Çağdaş Hukukçular Derneği (ÇHD) İstanbul Şubesi Başkanı da şunları ifade etti: "Bizler haklarımızla varız. Haklarımız yoksa bizler de yokuz, hukuk da yoktur. Savunma hakkı yapılmayacaksa, görüşmeye izin verilmeyecekse avukata ihtiyaç yoktur. Avukat yoksa baro da yoktur. Barolar OHAL ile faşizme karşı etkin bir mücadeleyi nasıl yürüteceklerini tartışmalılar."
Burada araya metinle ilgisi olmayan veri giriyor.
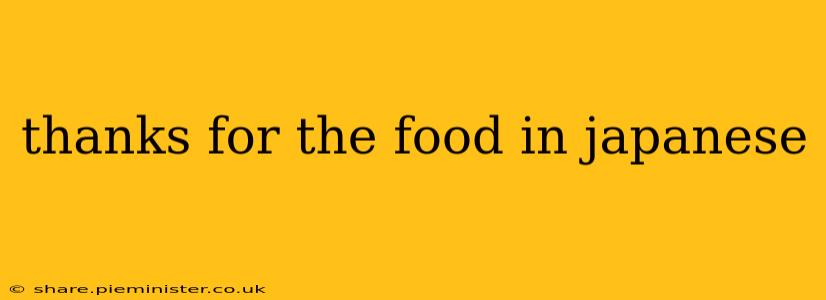 thanks for the food in japanese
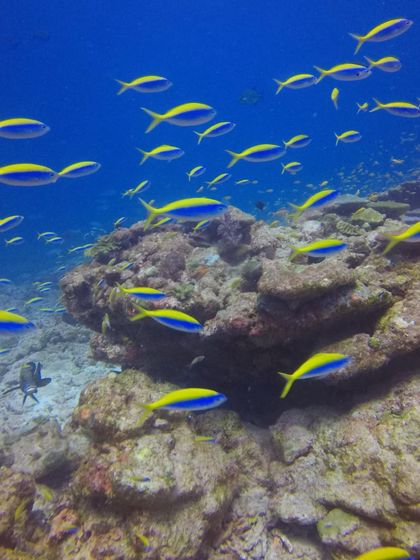 Yoga & Adventure: Lakshadweep photo 8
KAYA VE KIZILKAYA HATIRLATILDI
Kapatılan Özgür Gündem'den Günay Aksoy, Genel Yayın Yönetmeni Zana Kaya ve Yazı işleri Müdürü İnan Kızılkaya'nın hâlâ cezaevinde olduğunu hatırlattı. Bütün toplumun haber alma hakkının gasp edildiğini belirten Aksoy, "İkinci kez mühür vursanız da bu gazete çıkacak. Özgür Gündem gerçekleri yazmaktan taviz vermeyecektir" dedi.
'EL ELE VERELİM'
TV10 Temsilcisi Veli Büyükşahin, televizyonlarının yaklaşık bir aydır kapalı olduğuna vurgu yaparak, TV10'nun kapatılmasını Alevi halkına yönelik bir tehdit olarak okuduklarını söyledi. Saldırıya uğrayan bütün toplumun ortak talebinin demokrasi olduğuna işaret eden Büyükşahin, "Herkes farklılıklarını bir yere bırakıp el ele vererek güçlü bir mücadele yürütmelidir" diye belirtti.
İMC TV Temsilcisi Candan Yıldız da "Yan yana durmaktan başka çaremiz yok" mesajını verdi.
Özgür Radyo Temsilcisi Derya Okatan da eylemdeki konuşmasında, "Kapılarımıza mühür vurabilirler ama umutlarımıza vuramazlar" diyerek, yayınlarını internet üzerinden sürdüreceklerini söyledi.